INSTRUCTIONS TO FOLLOW: Beneath this line sits some data. Return only its lines from the one holding "Hi! In this" through the one holding "Welcome to FunRuberGames.", inclusive, exactly, with the images removed.
Segment Start: GIVEN RECORDS
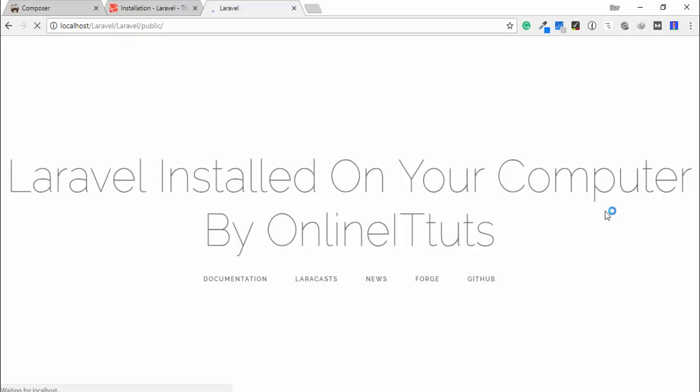Now you can see 'Laravel installed on your computer by onlineattitudes.com' displayed on the page. This video is all about how you can download and install Laravel on Windows 10. I've explained how to use it with the cmd command and with XAMPP. Thank you very much for watching — please subscribe to my channel for updates. Have a nice day, guys!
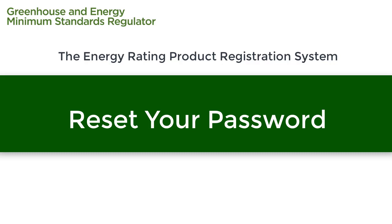Welcome to the video help series for the Energy Rating Product Registration System. In this video, we are going to show you how to reset your password if you have forgotten it.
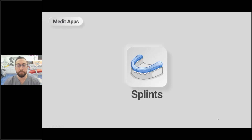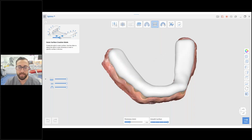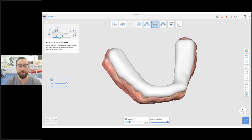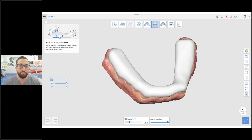Medit Splints is a popular app to quickly and efficiently make splints for 3D printing. You scan the patient, make a splint with a few clicks, and export it to your 3D printer. Medit has announced an integration with SprintRay, making it a very fast, efficient workflow. The key is delegation — you can delegate all of this to your dental assistant or support staff.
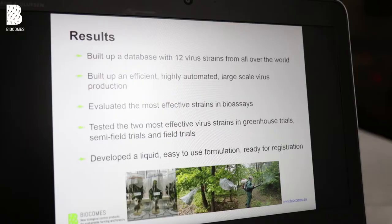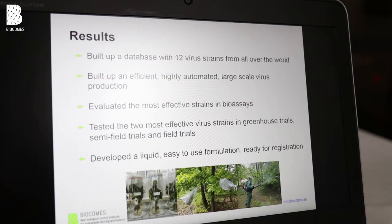While doing this, we built up a large-scale production with a high degree of automatization, resulting in a low price for the end product. In the end, we developed a liquid product which is really easy for the end user to apply.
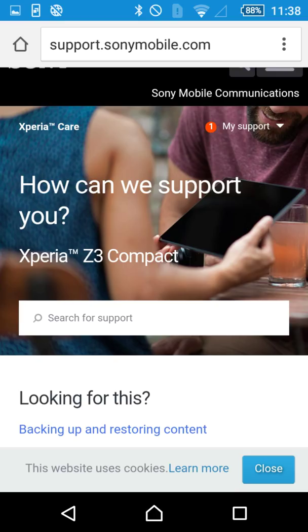So I wasn't able to get the over-the-air update today, but I downloaded the app, connected my phone to my computer, and instantly got Android 5.1. I'm sure some of you guys are already aware of this, but I wasn't. So hopefully it helps out some of you guys. Thanks for watching, and let me know if you have any questions.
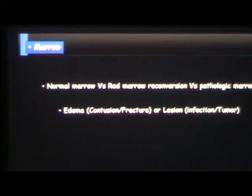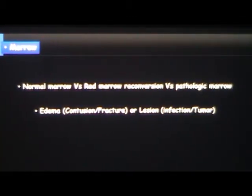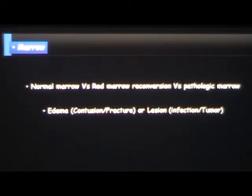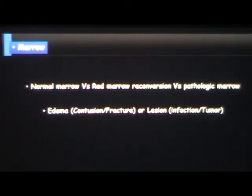It may be just a fracture with a lot of edema, which is more prominent on T2-weighted images, or it may be a contusion. But if it starts bearing more signal on T1-weighted images — more darkness — think bad. It could be lymphoma or leukemia, infection, those kinds of things.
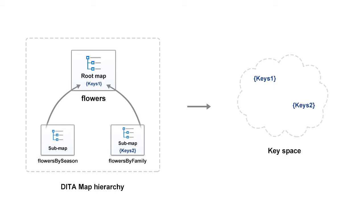When flowers is set as a root map, Oxygen constructs the key space by collecting keys from the entire map structure. Because documentation projects can produce huge data map structures, with a data map that refers many other sub-maps.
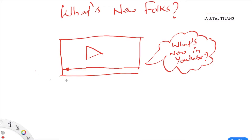Hello all, welcome back to Digital Titans. I know this session is coming out after a long time and I apologize for the delay, but I have a very interesting update for you — what's new in YouTube. We have seen various sessions about how you can create ads on YouTube using Google AdWords, and what the different kinds of ads are. This session is going to be an update about what's new in YouTube.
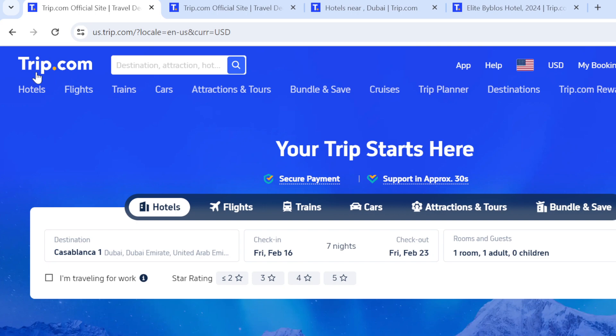Once you're on the home page, at the top left corner you see the Trip.com logo. Across from that you see a destination search box where you can search out a destination, search for hotels, or find whatever information you need on the website. At the top right corner you see an 'App' option and right after that you see 'Help'.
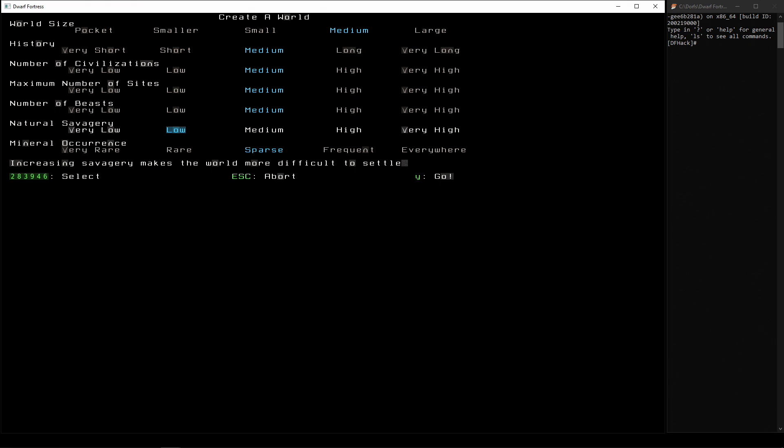It'll give us more of an opportunity to experience all of the things that the game has to offer. And mineral occurrence - I'm going to turn it up to frequent. And what this means is that within the world, the minerals are more commonly found. So we're going to have more ores on the map wherever we go on the map. But yes, I'm happy with that. So let's go.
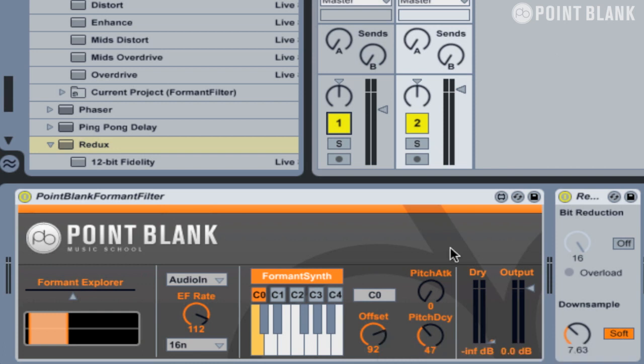If you want to, you could also put the Point Blank formant filter after any other synth — for example, Operator. It works best with any timbre-rich sounds, such as a sawtooth or a pulse wave; otherwise it will create quite subtle effects, which might be what you're after. This is the Point Blank formant filter, exclusively available to download from PointBlankOnline.net.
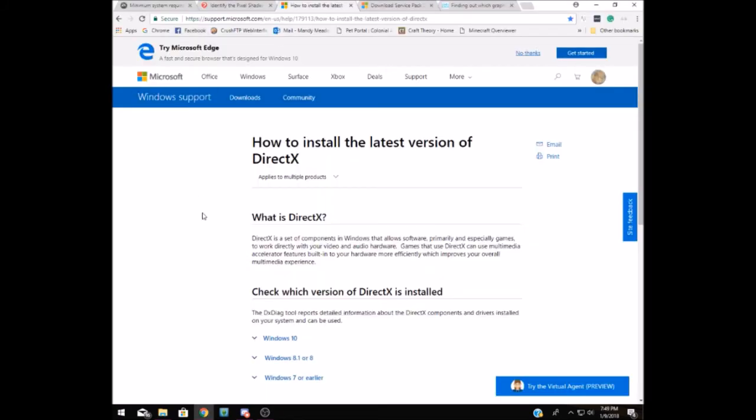The next thing that you're going to need is the latest version of DirectX, and you can actually get that direct from Microsoft. I'll drop the link to this page in the description for you.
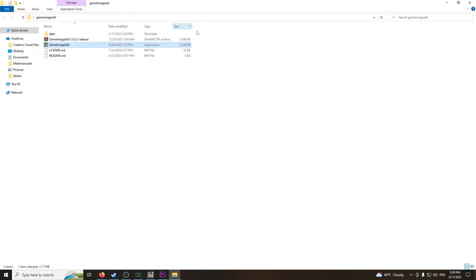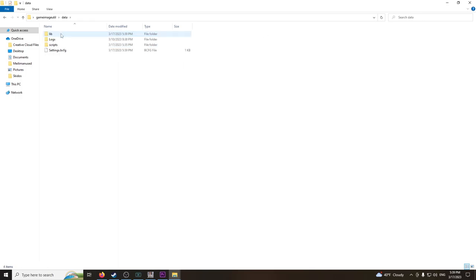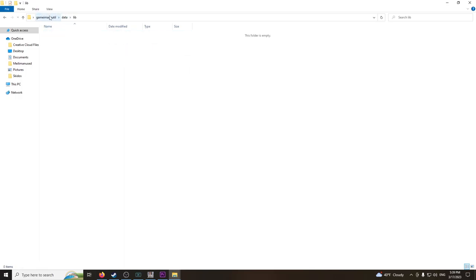Let's start off with the most important step. Make sure your GameImageUtile is in a folder like this. Then go into data, go into lib, and take these two DLL files and put them to the front.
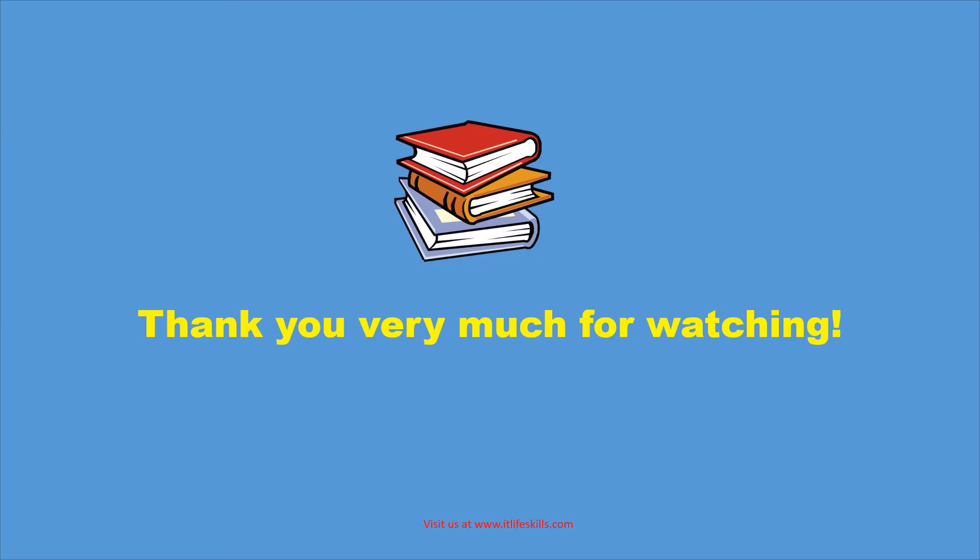This is the end of this lesson. If you have any questions please put it in the comment section. Thank you very much for watching.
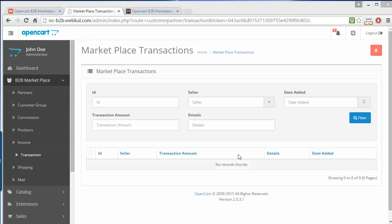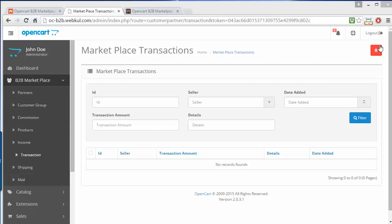The next section is Transactions. Right now there are no transactions in the list, but admin can see the transaction list here and delete transactions by selecting them and clicking delete. Admin can use filters to search transactions. The transaction list shows seller name, transaction amount, details, and date added.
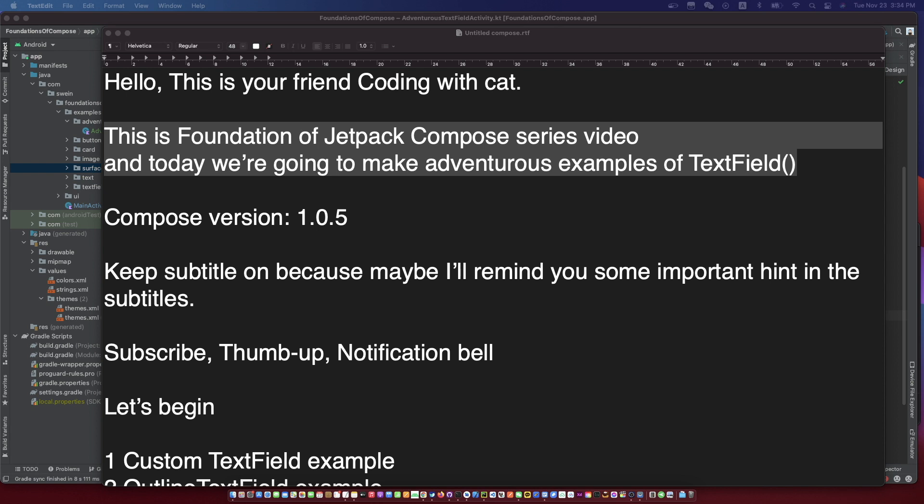Don't forget to subscribe to my channel, open the subtitle, and let's begin.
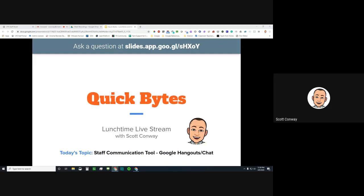Welcome to Quick Bytes, the lunchtime live stream with your tech integration specialist, Scott Conway. Welcome and thank you for joining us today.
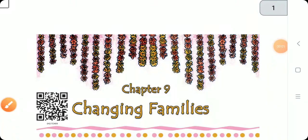Good morning students. How are you all? Fine. Okay, let's start the session. Check out your textbook of EVS, Standard 4.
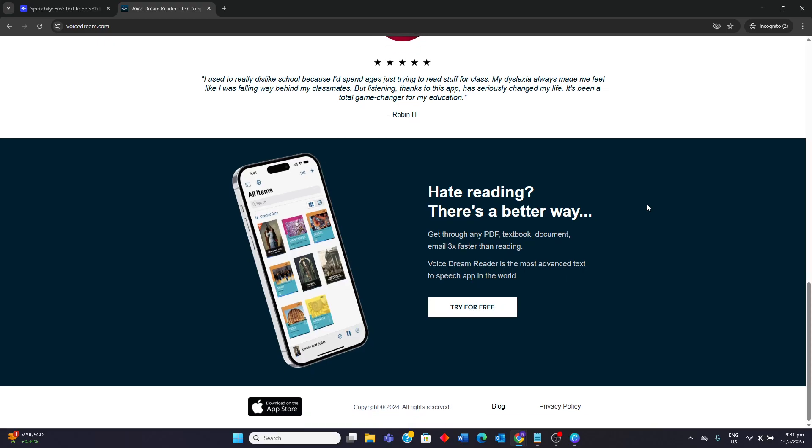Voice Dream Reader is a strong choice for individuals who prefer a one-time purchase over a subscription model, and value a highly customizable reading experience. I hope this video helps and thank you for watching.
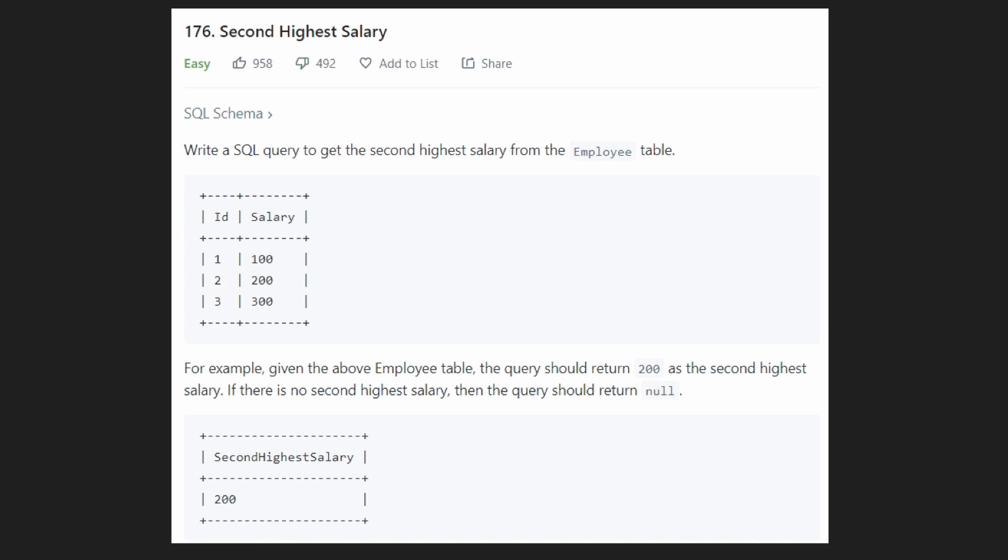Hey everyone, welcome back and let's write some more neat code today. This time let's actually solve a SQL question because SQL questions are actually getting more and more common in interviews as well.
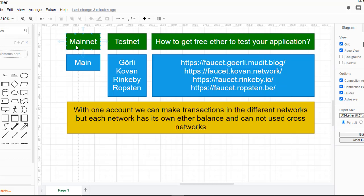In this video we are going to see how we can get free ethers. These free ethers are used only inside test networks, so they are worthless — you cannot buy with them or do anything with them. There are two types of networks: the main network where there is real Ethereum, and the test networks where there are worthless, fake ethers. We can use these test networks to deploy our application and test before deploying to the main network.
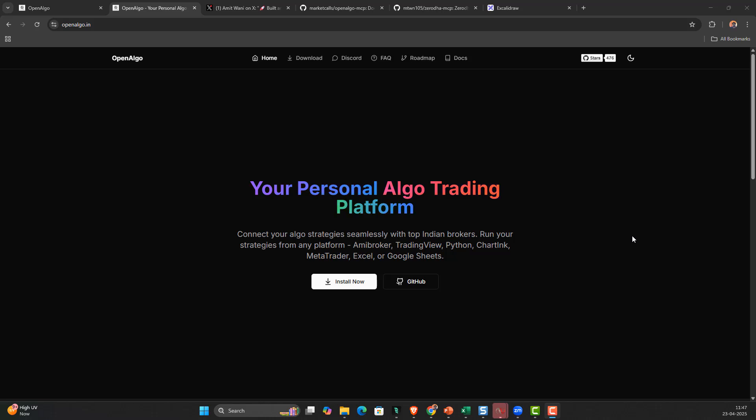Hey everyone, this is Rajendran here. In this video we're going to learn about something very interesting - a trading agent. In simple terms, what if I can talk to my own trading account where I can give instructions in natural language? That is what we're going to learn about.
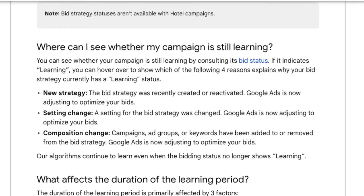On Google's help page, they list three reasons why a campaign might enter the learning phase: a new bid strategy, a setting change, or a composition change to the campaign. For example, maybe you've added a lot more keywords or you've changed the match types of a keyword drastically — that could force the campaign to enter this learning phase.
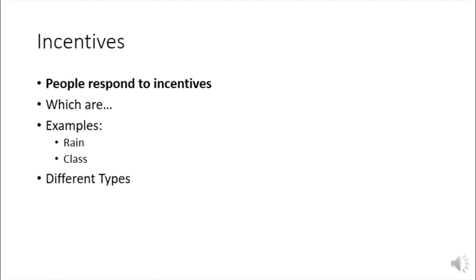All an incentive is is a factor that motivates behavior. Put differently, people respond to incentives and incentives can fall into different categories. They can be positive or negative. They can be direct or indirect.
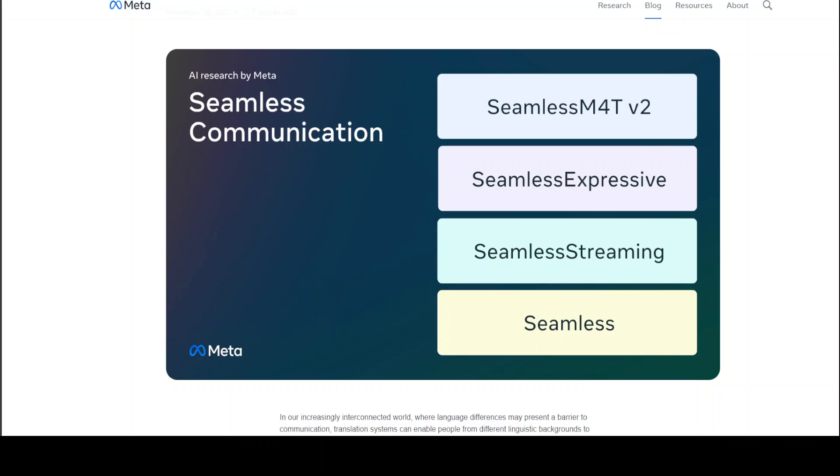Seamless Streaming is a streaming translation model for state-of-the-art results with around two seconds of latency. And Seamless is Seamless Expressive, Seamless Streaming and SeamlessM4TV2 combined. So if you want to use all the top three models in one model, just go with Seamless.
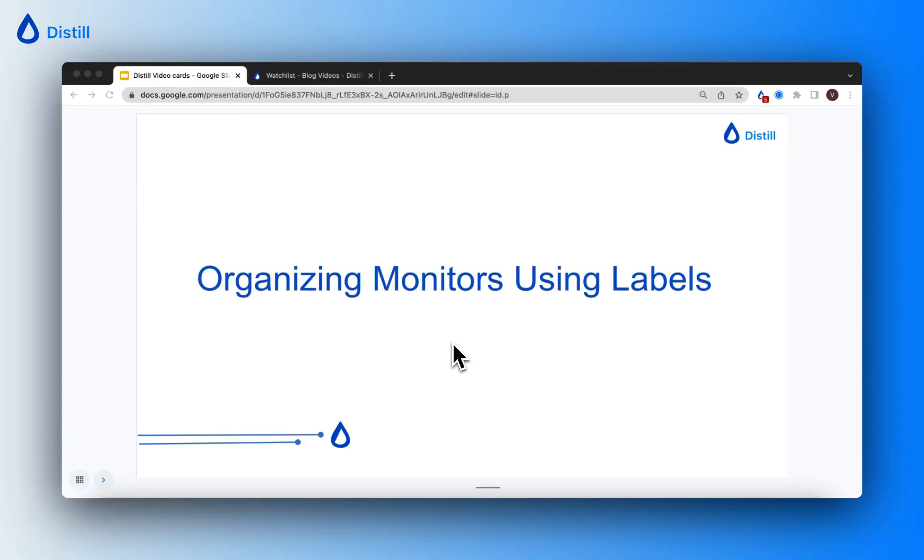Hi! In this video, I'll show you how to use labels to organize the monitors in your watchlist. Labels play an important role in identifying your monitors. They can be keywords that help you categorize your monitors and they will help both you and your teammates quickly filter through the monitors in your watchlist.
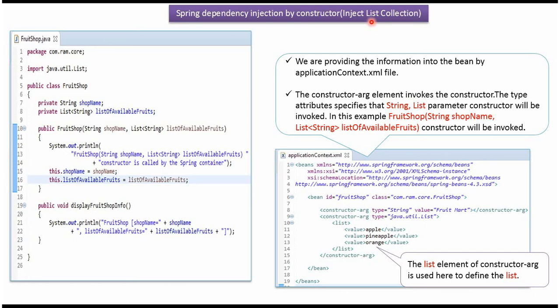This video tutorial will cover how to inject list collection using Spring Dependency Injection by Constructor.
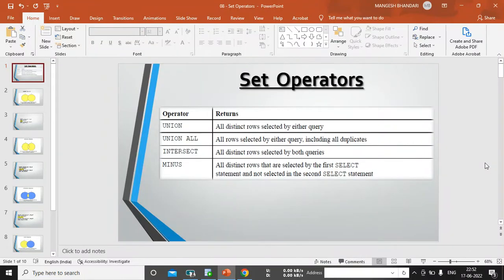Hi, I'm Mangesh and let's welcome back to my channel. In this video, I'm planning to complete one more topic on SQL. It's a set operator.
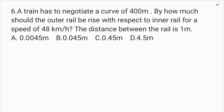A train has to negotiate a curve of 400 meters radius. By how much should the outer rail be raised with respect to the inner rail for a speed of 48 kilometers per hour?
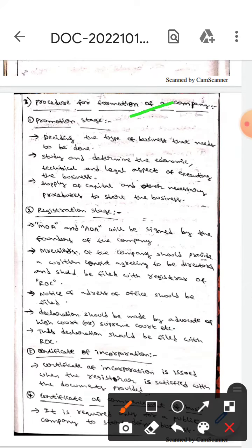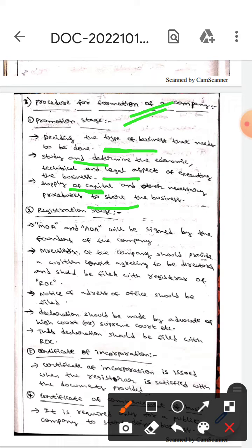Let us first discuss about the promotional stage. Here we will decide the types of business that need to be done. Then we will study and determine the economic, technical, and legal aspects of executing the business. After that, we will think about the supply of capital and other necessary procedures to start the business.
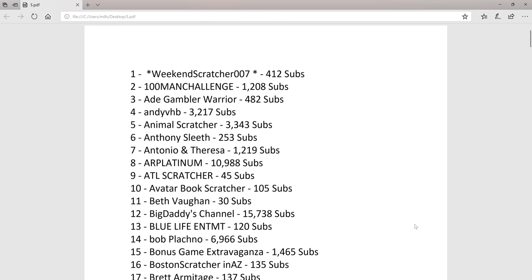Welcome to FunRuberGames. I like to do these videos every now and then showing you all the scratching channels, and there's 177 channels that scratch off lottery tickets in the United States.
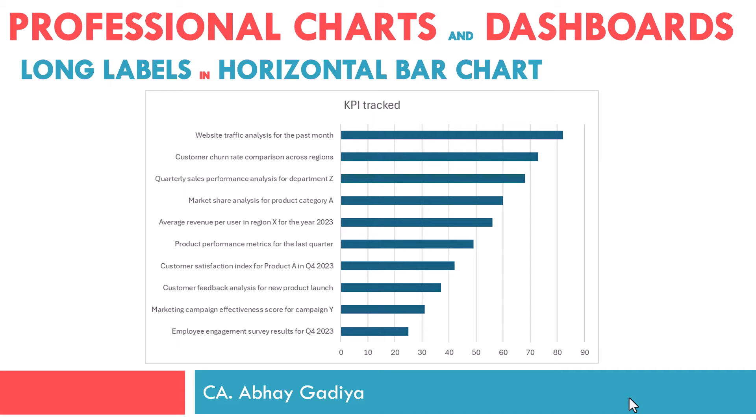Welcome to another video in Professional Charts and Dashboards in Excel series. Imagine that you have data where you must display long text in the axis of the chart. If we create a vertical bar chart and display those labels on the X axis, then it gets wrapped and sometimes those are not fully visible and hence not readable. In those scenarios, we will mostly create a horizontal bar chart in Excel, so this long text can be displayed on the Y axis horizontally so that it can be read easily.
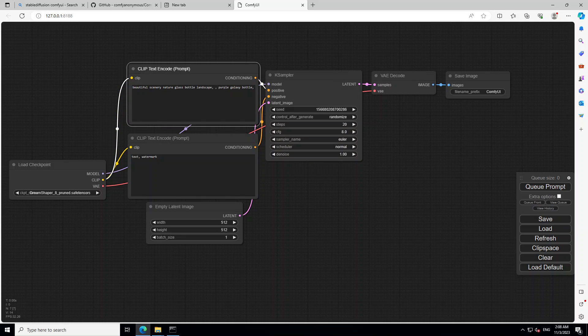If you look into the browser, it has opened this ComfyUI on your local system on the default host. Now let me give you a very quick overview of ComfyUI. So you see that we have this load checkpoint on the left and then clip text encode, clip text encode prompt and these boxes. These boxes are called as node.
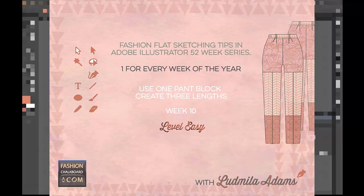Hello and welcome to week 10. This is Ludmilla Adams from Fashion Chalkboard and you're watching one tip of the series 52 Weeks of Fashion Sketching in Adobe Illustrator.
Segment End: GIVEN RECORDS
SOLUTION BELOW:
Hi! In this video, I'll show you how to use labels to organize the monitors in your watchlist. Labels play an important role in identifying your monitors. They can be keywords that help you categorize your monitors and they will help both you and your teammates quickly filter through the monitors in your watchlist.
This video tutorial will cover how to inject list collection using Spring Dependency Injection by Constructor.
Hi, I'm Mangesh and let's welcome back to my channel. In this video, I'm planning to complete one more topic on SQL. It's a set operator.
A train has to negotiate a curve of 400 meters radius. By how much should the outer rail be raised with respect to the inner rail for a speed of 48 kilometers per hour?
Let us first discuss about the promotional stage. Here we will decide the types of business that need to be done. Then we will study and determine the economic, technical, and legal aspects of executing the business. After that, we will think about the supply of capital and other necessary procedures to start the business.
Welcome to FunRuberGames. I like to do these videos every now and then showing you all the scratching channels, and there's 177 channels that scratch off lottery tickets in the United States.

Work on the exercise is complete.